Lessons from the Blitz and four essential human freedoms

Life is divided into three terms – that which was, which is,
and which will be. Let us learn from the past to profit by the present,
and from the present, to live better in the future.

William Wordsworth


Blitz damage in Coventry, November 1940 (© IWM)

Throughout much of the past couple of months leading up to last week’s
debacle, I mean election,
I’ve been slowly making my way through my latest read…a book by Erik Larson.

I had read other books by Larson in years past, and I expected this current read to be right
on par with his previous books…books that look back to a past of darker days…
darker than the days of our current time…
As in yes, there have been darker times…if you can imagine such.

The book is titled The Splendid and The Vile:
A Saga of Chruchill, Family, And Defiance During the Blitz

I can’t even begin to do justice here, within my small reflections, as to what it was like
for the British people to live through the nightly bombings of their cities, towns
and villages by the German Luftwaffe.

For 8 long months, every single day—hundreds of German planes filled the skies
over the United Kingdom dropping tons upon tons of explosives and incendiary deceives
indiscriminately over an innocent people–only to leave destruction and death in their wake.

When the bombings stopped, over 32,000 civilians had been killed.
Over 87,000 had been maimed, burned, and injured.
Of those, 7,736 children were killed and 7,622 were seriously injured
while many were left orphaned.

London alone endured 57 straight nights and days of bombings.

The bombings took place predominantly at night but would, at times, happen both day and night.
As in a double whammy of insult and injury.

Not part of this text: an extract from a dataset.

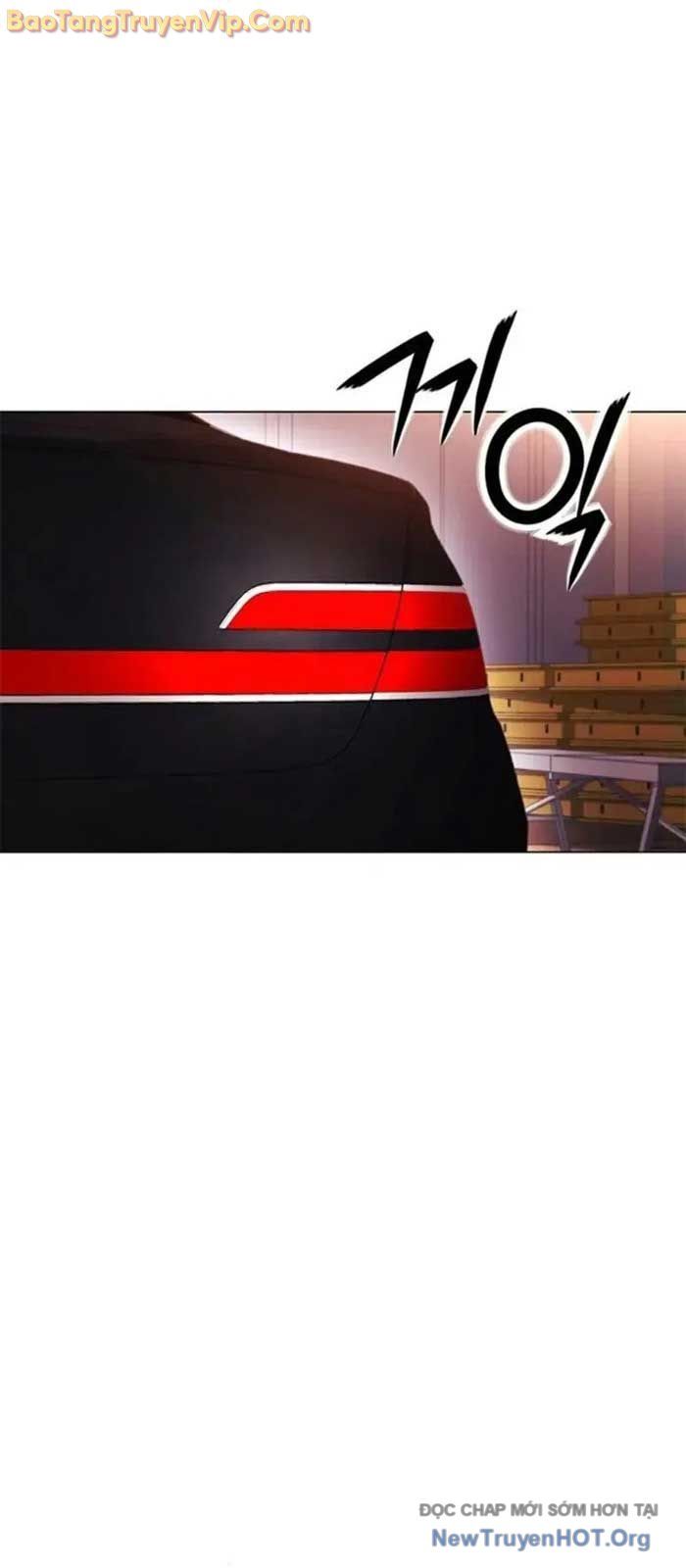 Lính Đánh Thuê Huyền Thoại Trở Thành Thanh Tra Chap 3 - Next Chap 4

Sirens would sound, people would run for shelter as their world, bodies
and lives were literally shattered.

In just one single night, November 14, 1940, 16,000 bombs were dropped on the
city of Coventry.
The ancient 14th-century Cathedral in Coventry was just one of many churches
which would take a direct hit


(Death from the skies: An aerial view of the wrecked cathedral / The Mirror)


Winston Churchill and the Mayor Alfred Robert Grindlay visiting the ruins of Coventry Cathedral in September 1941
Horton (Capt)-War Office official photographer-This is photograph H 14250 from the collections of the Imperial War Museum

In London, the fickleness of war was clearly evident when after
London’s worst day of bombing, St. Pauls Cathedral appeared triumphantly and
miraculously to rise up from out of the smoke and ash.


St Paul’s Cathedral survives the Blitz, December 1940 (© IWM)

https://www.bbc.com/news/magazine-33314462

Yet, as with all wars, the human toll is unimaginable.


(Upper Norwood, London, 1944 (© IWM) )

In early 1941 President Franklin D. Roosevelt gave his State of the Union address.

In his speech, the President spoke of the lend-lease act that he was
going to be presenting to Congress…
a plan intended on assisting the British people without the US technically involving
herself in a war that the United States wasn’t keen on participating in.

“The future and the safety of our country and of our democracy
are overwhelmingly involved in events far beyond our borders…”
the President noted.
According to Larson, Roosevelt described a world to come that would be founded upon
“four essential human freedoms” :
speech, worship, and freedom from want and fear

It has been 79 years since Roosevelt’s speech.
Since that time, there have been other wars, police actions, along with a myriad of
perils that have each threatened both our democracy and that of the
pillars of Western Civilization.

And yet throughout it all, those four essential freedoms have stood the test of time…

They stand in part because of the foundation found buried deep in the fortitude
of the human spirit…along with that of determined and clear-minded leadership.

Those were dark and dire days and yet Western Civilization prevailed over the
chokehold of fascism, socialism, and communism.

My hope and prayer for our world today is that none of those past perils shall
be forgotten or tossed aside as today’s leadership and her people seem to be
giddily racing to embrace that which we once fought so hard to defeat.

‘Many forms of Government have been tried and will be tried in this
world of sin and woe.
No one pretends that democracy is perfect or all-wise.
Indeed it has been said that democracy is the worst form of Government except
for all those other forms that have been tried from time to time…’

Winston S Churchill, 11 November 1947

Everyone is in favor of free speech.
Hardly a day passes without its being extolled,
but some people’s idea of it is that they are free to say what they like,
but if anyone else says anything back, that is an outrage.”